Perrotta is one of my favorite authors. His novels are at their best when parodying suburban life. Perrotta is clearly a devoted soccer dad, inviting you along for a ride in his minivan with a cynical laugh. Stonewood Heights is neither very liberal nor too conservative and appears the ideal place to raise a family. That is until the evangelicals spread through the community like The Invasion of the Body Snatchers.

The protagonist is a divorced sex-ed teacher and her romantic foil a Born Again former rocker drug abuser. Perrotta is surprisingly good at mastering both the female and the male voices, straight or gay, and creating real characters in tangible settings. He writes very well and manages to make all topics accessible and amusing.

The Abstinence Teacher is a catalogue of sexual dysfunction, but it only tackles teen sex as flashbacks by the middle aged characters. This seems a curious omission since teenage sexuality is a bigger issue now than in the 1980's. The book is tastefully done, not prurient, and based on a solid understanding of evangelicalism. It has gotten a couple of favorable reviews in the NYT and deserves the attention.

I also enjoyed Perrotta's Little Children, a humorous tale of suburban malaise. His first novel, Election, took six years to sell, and the movie writes sold first, staring Reese Witherspoon and Matthew Broderick. That one is also set in school, centering on a high school president election.

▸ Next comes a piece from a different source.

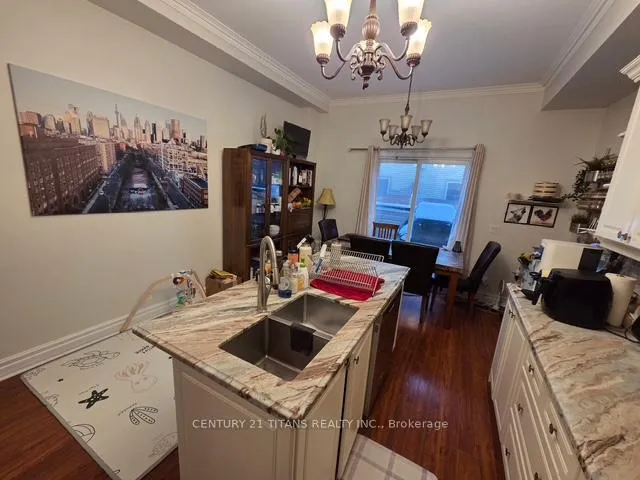 Photo 11 of 6 Cam Fella Lane, Toronto, Greenwood-Coxwell — HOMEH
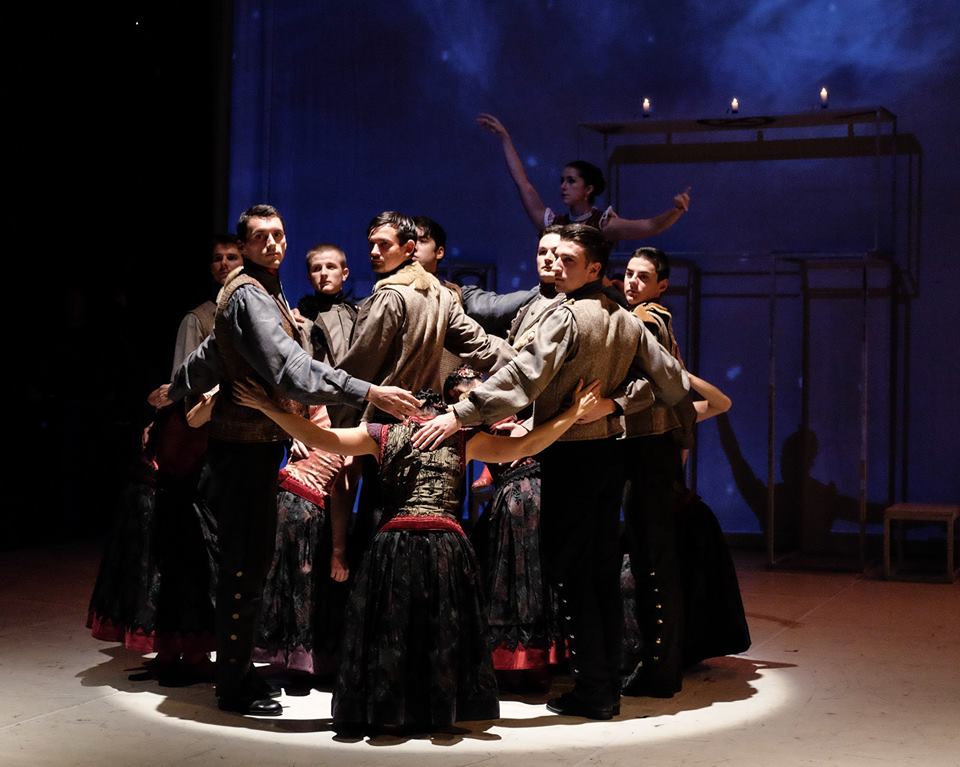 t&aacute;nc kritika erd&eacute;ly9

Another book set in an American public (ie. state) high school is Jodi Picoult’s latest, Nineteen Minutes. Picoult’s novel tries to understand school shootings from the perpetrator’s perspective. It’s a disturbing look at bullying and the shortfall of community. The accused shooter is almost as much a victim as his targets.

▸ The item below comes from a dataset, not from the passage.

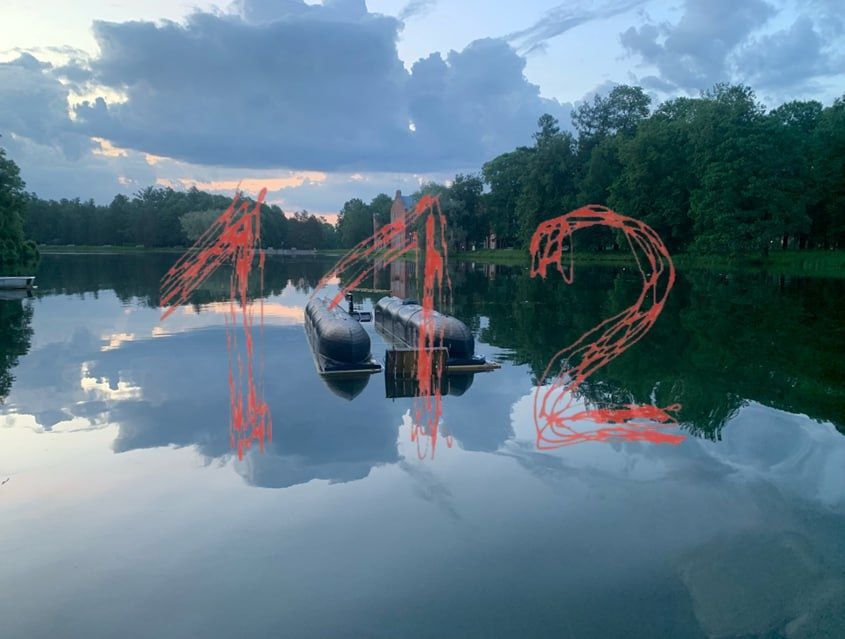 В Пушкине перевернулся понтон с людьми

Picoult is a master of writing fast-paced, topical stories centered on families. Her books appeal to both teens and adults as she dexterously bridges the generation gap with the sensitivity of a former teacher. She's had many best sellers, even internationally. On almost any airplane ride, you'll find a woman reading one and gripped. It's not fluff: Picoult does her research, tackles the issues and writes well.

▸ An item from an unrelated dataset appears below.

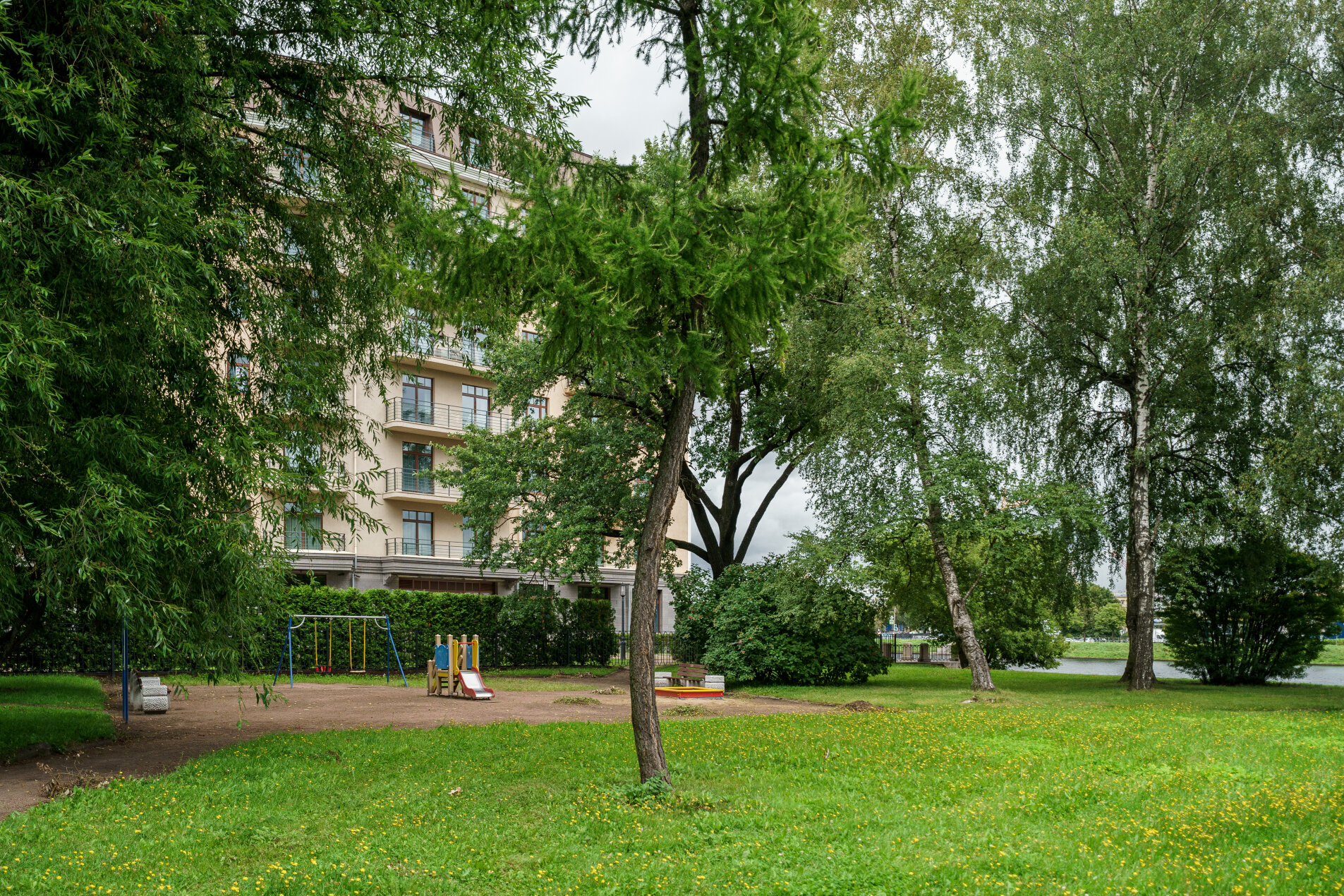 Сквер для прогулок рядом с домом 'Brilliant House' Динамо пр., 6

Her work is distinct, a genre to itself. Amazingly, Picoult produces a new novel every nine months. She notes with amusement that it is the same duration as pregnancy. It helps that her husband is at home raising their three children. Despite the upsetting topics, her books are easy reads. Another one that questions conventional ethics in the new world is My Sister’s Keeper. I just started The Tenth Circle.

David Mitchell’s Black Swan Green is another book about bullying in school, but his tale takes place at an English state school during the 1980’s. It’s full of fun, nostalgic trivia. The narrator is a 13-year-old boy and a secret poet with an embarrassing stammer. The accounts of bullying are so real that they are hard to read, but Mitchell balances the darkness with humor.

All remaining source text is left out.